> What the exercise asks
Write the data out again, character for character, with no images.
----- Supplied information -----
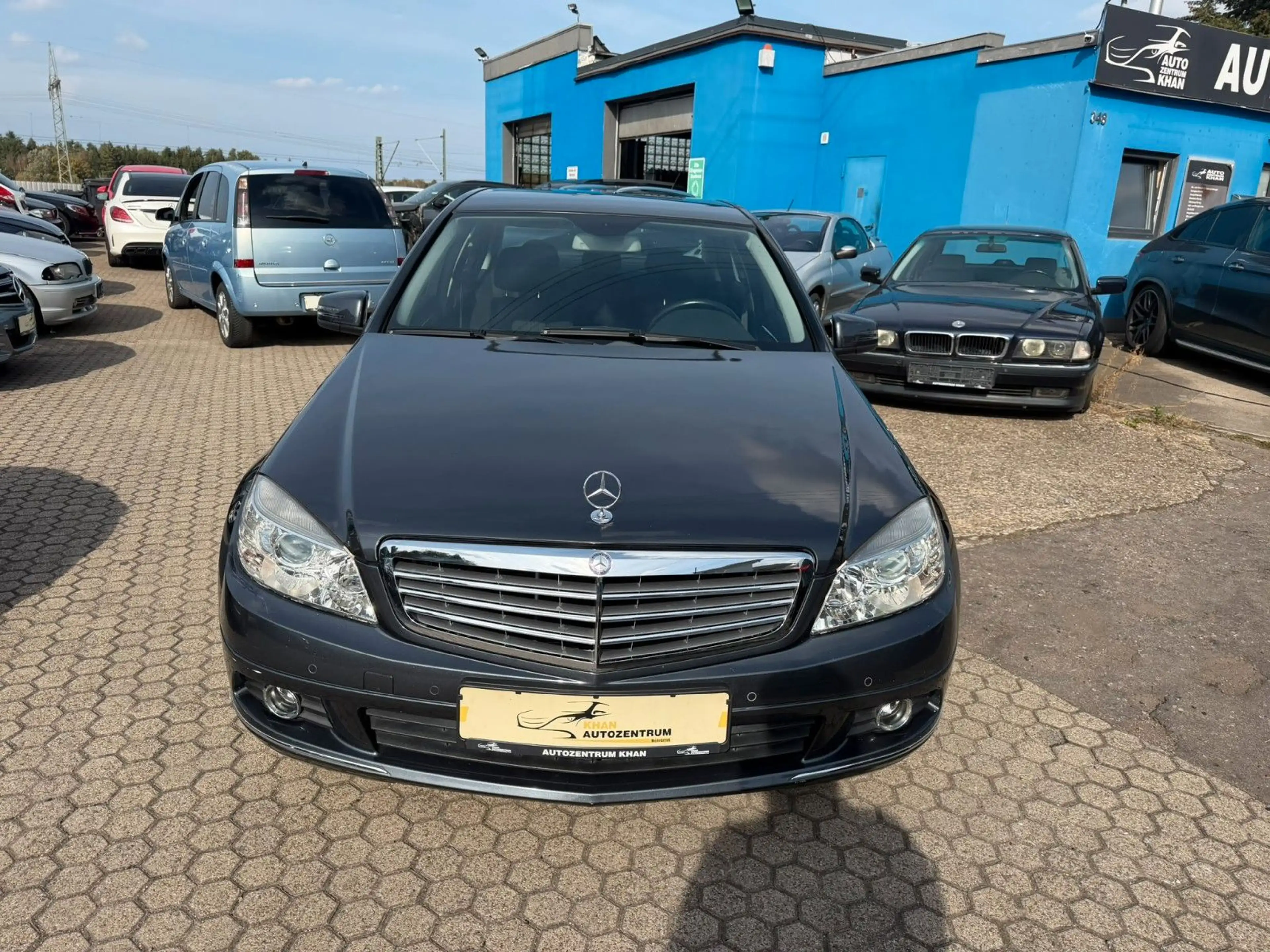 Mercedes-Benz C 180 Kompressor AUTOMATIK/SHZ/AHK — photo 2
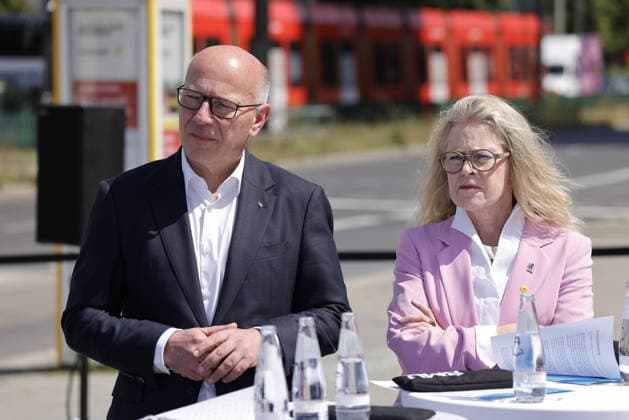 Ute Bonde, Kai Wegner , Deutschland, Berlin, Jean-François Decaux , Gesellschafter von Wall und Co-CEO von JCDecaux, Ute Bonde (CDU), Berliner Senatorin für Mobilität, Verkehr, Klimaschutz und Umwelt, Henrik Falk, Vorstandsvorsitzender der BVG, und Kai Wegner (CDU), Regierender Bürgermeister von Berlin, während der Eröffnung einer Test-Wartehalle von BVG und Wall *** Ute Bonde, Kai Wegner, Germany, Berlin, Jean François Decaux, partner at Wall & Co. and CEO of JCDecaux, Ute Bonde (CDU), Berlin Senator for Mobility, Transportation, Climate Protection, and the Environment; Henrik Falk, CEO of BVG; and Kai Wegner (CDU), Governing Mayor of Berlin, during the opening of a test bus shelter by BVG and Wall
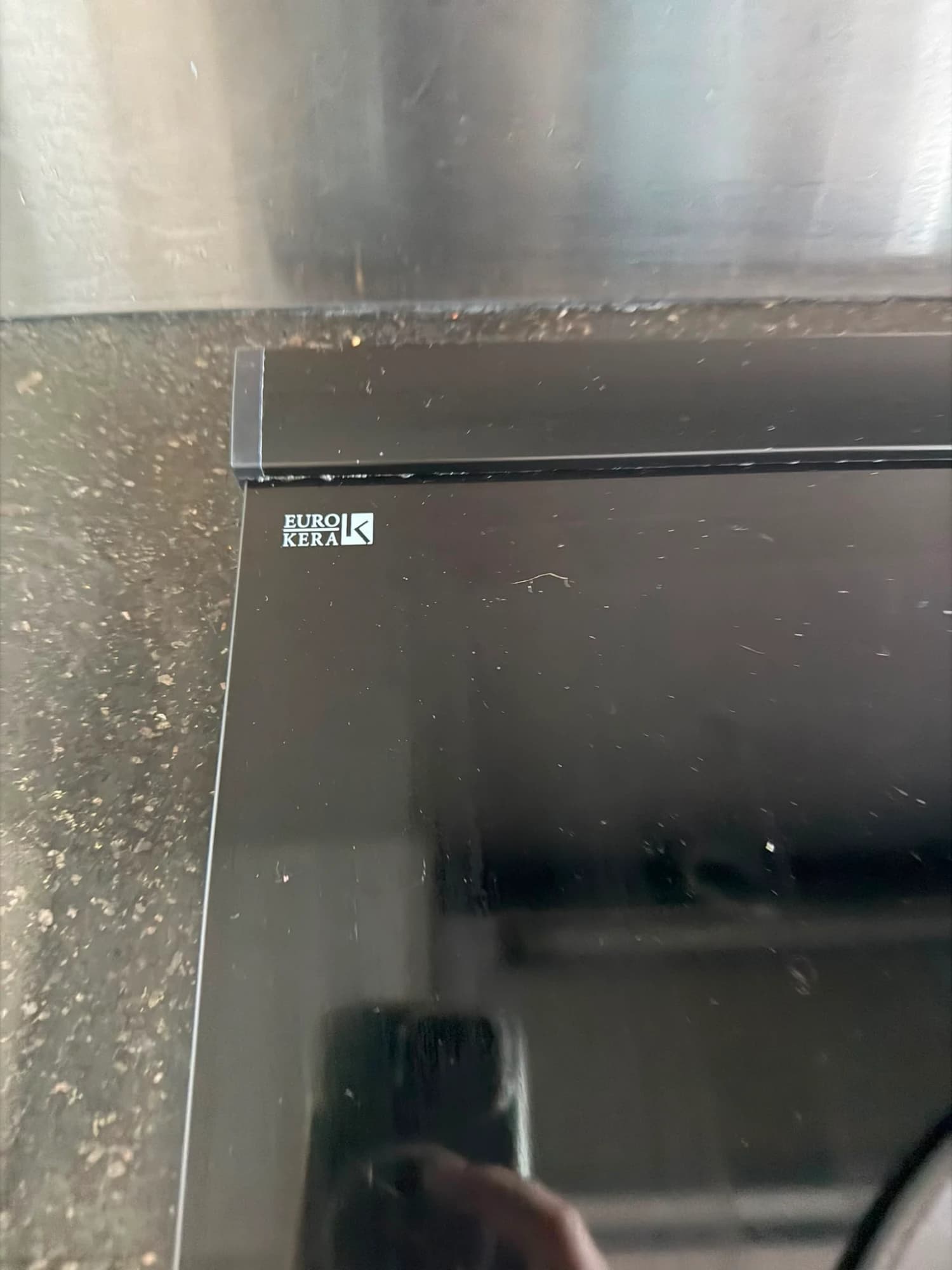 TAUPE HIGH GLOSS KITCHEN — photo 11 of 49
-----
> Expected output
 Mercedes-Benz C 180 Kompressor AUTOMATIK/SHZ/AHK — photo 2
 Ute Bonde, Kai Wegner , Deutschland, Berlin, Jean-François Decaux , Gesellschafter von Wall und Co-CEO von JCDecaux, Ute Bonde (CDU), Berliner Senatorin für Mobilität, Verkehr, Klimaschutz und Umwelt, Henrik Falk, Vorstandsvorsitzender der BVG, und Kai Wegner (CDU), Regierender Bürgermeister von Berlin, während der Eröffnung einer Test-Wartehalle von BVG und Wall *** Ute Bonde, Kai Wegner, Germany, Berlin, Jean François Decaux, partner at Wall & Co. and CEO of JCDecaux, Ute Bonde (CDU), Berlin Senator for Mobility, Transportation, Climate Protection, and the Environment; Henrik Falk, CEO of BVG; and Kai Wegner (CDU), Governing Mayor of Berlin, during the opening of a test bus shelter by BVG and Wall
 TAUPE HIGH GLOSS KITCHEN — photo 11 of 49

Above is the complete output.